Als der Jahresbericht 201/18 von der Menschenrechtsorganisation Amnesty International veröffentlicht wurde, regten sich die Medien in Israel darüber auf. Denn insbesondere die Einleitung im Bericht über Israel und die palästinensischen Gebiete fand drastische Worte, um die realen Geschehnisse aufs Papier zu bringen:
Die israelischen Behörden haben die Expansion von Siedlungen und entsprechender Infrastruktur in der ganzen West Bank, einschließlich Ostjerusalem, intensiviert und die Bewegungsfreiheit der Palästinenser erheblich eingeschränkt. Israelische Kräfte haben unrechtmäßig palästinensische Zivilisten, einschließlich Kinder, getötet und unrechtmäßig tausende Palästinenser aus den besetzen palästinensischen Gebieten innerhalb von Israel inhaftiert, (und) halten Hunderte ohne Anklage oder Prozess in Administrativhaft. Folter und weitere schlechte Behandlung von Inhaftierten, einschließlich Kindern, blieb allgegenwärtig und wurde ohne Konsequenzen durchgeführt. … Viele, einschließlich Kinder, wurden erschossen und unrechtmäßig getötet, während sie keine unmittelbare Gefahr für das Leben [der israelischen Soldaten] darstellten.

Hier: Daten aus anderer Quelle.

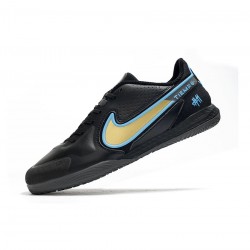 Nike Tiempo Legend Ix Elite IC White Dark Smoke Grey Black Yellow Soccer Cleats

In der Jerusalem Post wurden diese Passagen des Berichts als "ungeheuerliche anti-israelische Vorurteile" bezeichnet, ohne jedoch auf die inhaltliche Substanz der von Amnesty International geäußerten Anschuldigungen einzugehen. Dabei hatte bereits schon vorher die UNICEF, das Kinderhilfswerk der Vereinten Nationen, einen bestürzenden Bericht über die Behandlung von Kindern in israelischer Haft veröffentlicht, was ebenso ohne jegliche erkennbare Konsequenzen seitens der internationalen Gemeinschaft geblieben ist. Eine Gruppe von australischen Journalisten produzierte vor ein paar Jahren einen Dokumentarfilm zu dem Thema. Der Film "Stone Cold Justice" sorgte kurzzeitig für einen Aufschrei in der israelischen Regierung und in der englischsprachigen Welt, verpuffte aber ebenso wie die Berichte der Menschenrechtsorganisationen, ohne - wie diese - auch nur das Geringste geändert zu haben.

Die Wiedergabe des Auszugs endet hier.